One of the principal flaws of Sullivan's book is that it speaks of "political conservatism" in a way that exists only in the abstract but never in reality. The fabled Goldwater/Reagan small-government "conservatism of doubt" which Sullivan hails -- like the purified, magnanimous form of Communism -- exists, for better or worse, only in myth.
While it is true that Bush has presided over extraordinary growth in federal spending, so did Reagan. Though Bush's deficit spending exceeds that of Reagan's, it does so only by degree, not level. The pornography-obsessed Ed Meese and the utter lawlessness of the Iran-contra scandal were merely the Reagan precursors to the Bush excesses which Sullivan finds so "anti-conservative." The Bush presidency is an extension, an outgrowth, of the roots of political conservatism in this country, not a betrayal of them.
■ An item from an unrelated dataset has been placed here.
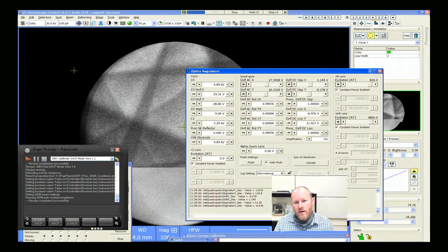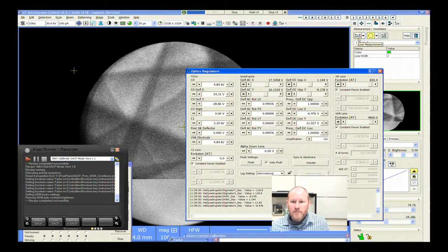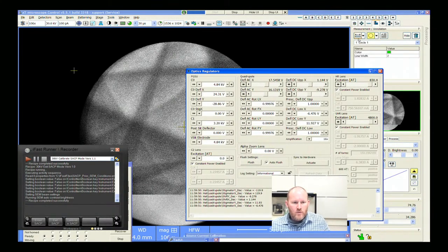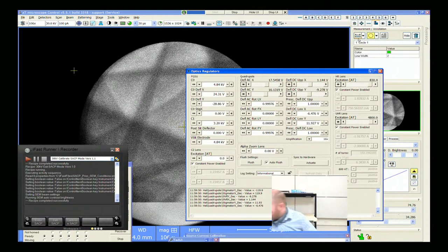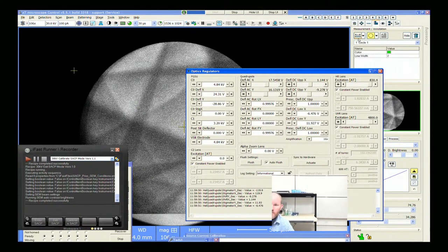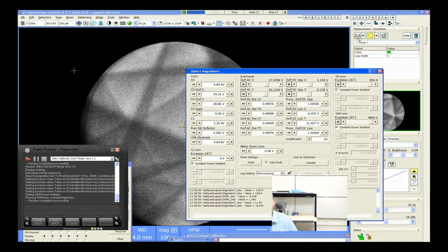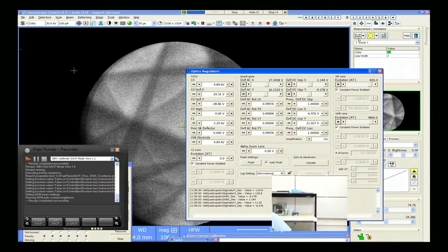Our values have changed here just a little bit — deflection AC is now 17.5.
All of the attributes which have made the Bush presidency so disastrous are not in conflict with political conservatism as it exists in reality. Those attributes -- vast expansions of federal power to implement moralistic agendas and to perpetuate political power, along with authoritarian faith in the Leader -- are not violations of "conservative principles." Those have become the defining attributes of the Conservative Movement in this country.
That is why the warnings from Sullivan and others that the Republican Party was acting in violation of "conservative principles" fell on deaf ears and even prompted such hostility -- until, that is, Bush's popularity collapsed. "Conservative principles" are marketing props used by the Conservative Movement to achieve political power, not actual beliefs. Sullivan's principal argument that the Bush presidency never adhered to conservative principles is true enough, but the same can be said of the entire American conservative political movement. That is why they bred and elevated George Bush for six years, and suddenly "realized" that he was "not a conservative" only once political expediency required it.
UPDATE: For a sense of just how much of a precursor the Reagan administration was with regard to the Bush administration's sheer lawlessness, I highly recommend this superb 1987 Bill Moyers documentary on the Iran-Contra affair (which features convict Elliot Abrams, a member of both administrations). Some of the parallels are quite astounding, really almost exact (h/t reader CW). Respect for the "rule of law" is, of course, included in the Pantheon of Conservative Principles.